2. Lawrence Lessig's Republic Lost: how money corrupts congress-and a plan to stop it
Led by Jeffery Smith
While America may be divided, Lessig vividly champions the idea that we can succeed [in returning our republic to its intended greatness] if we accept that corruption is our common enemy and that we must find a way to fight against it. InRepublic, Lost he not only makes this need palpable and clear--he gives us the practical and intellectual tools to do something about it. The group will focus especially on “institutionalized corruption and how it differs from individual corruption” and “recent Supreme Court decisions pertaining to corporate spending and free speech.
3. Barbara Kingsolver's Flight behavior
Led by Jeanette Pope
Barbara Kingsolver’s new book is driven by a single question: "Why do we believe or disbelieve the evidence we see for climate change?" To address this, Kingsolver says: "I really wanted to look into how we make those choices and how it's possible to begin a conversation across some of these divides between scientists and nonscientists, between rural and urban, between progressive and conservative — that when it comes to understanding the scientific truths about the world, there must be another way to bring information to people ... that's beyond simply condescending and saying, 'Well, if only you had the facts. If only you knew what I did, then you would be a smart person.' That gets you nowhere."
4. Ken Bain's What the Best College Teachers do
Led by Jonathan Nichols-Pethick
What makes a great teacher great? Who are the professors students remember long after graduation? This book, the conclusion of a fifteen-year study of nearly one hundred college teachers in a wide variety of fields and universities, offers valuable answers for all educators.

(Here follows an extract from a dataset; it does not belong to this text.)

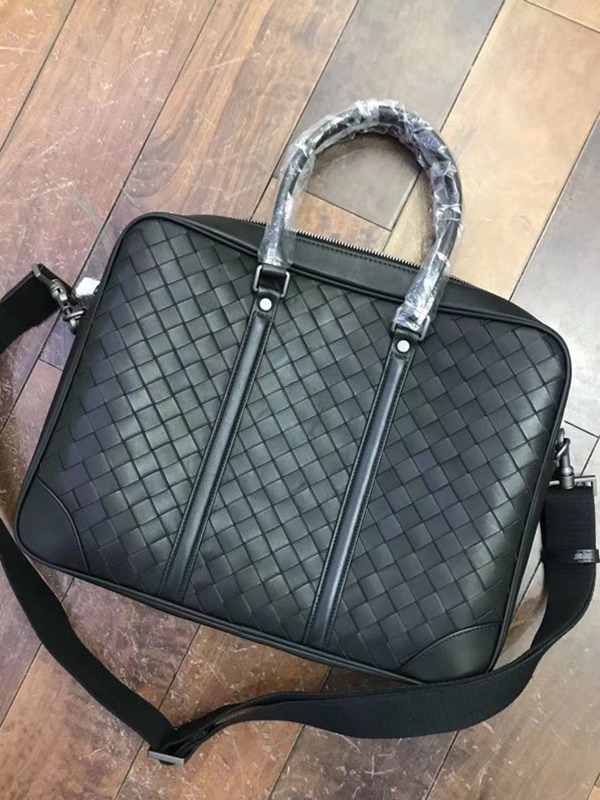 ボッテガヴェネタバッグ全体デザイン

The short answer is--it's not what teachers do, it's what they understand. Lesson plans and lecture notes matter less than the special way teachers comprehend the subject and value human learning. Whether historians or physicists, in El Paso or St. Paul, the best teachers know their subjects inside and out--but they also know how to engage and challenge students and to provoke impassioned responses. Most of all, they believe two things fervently: that teaching matters and that students can learn.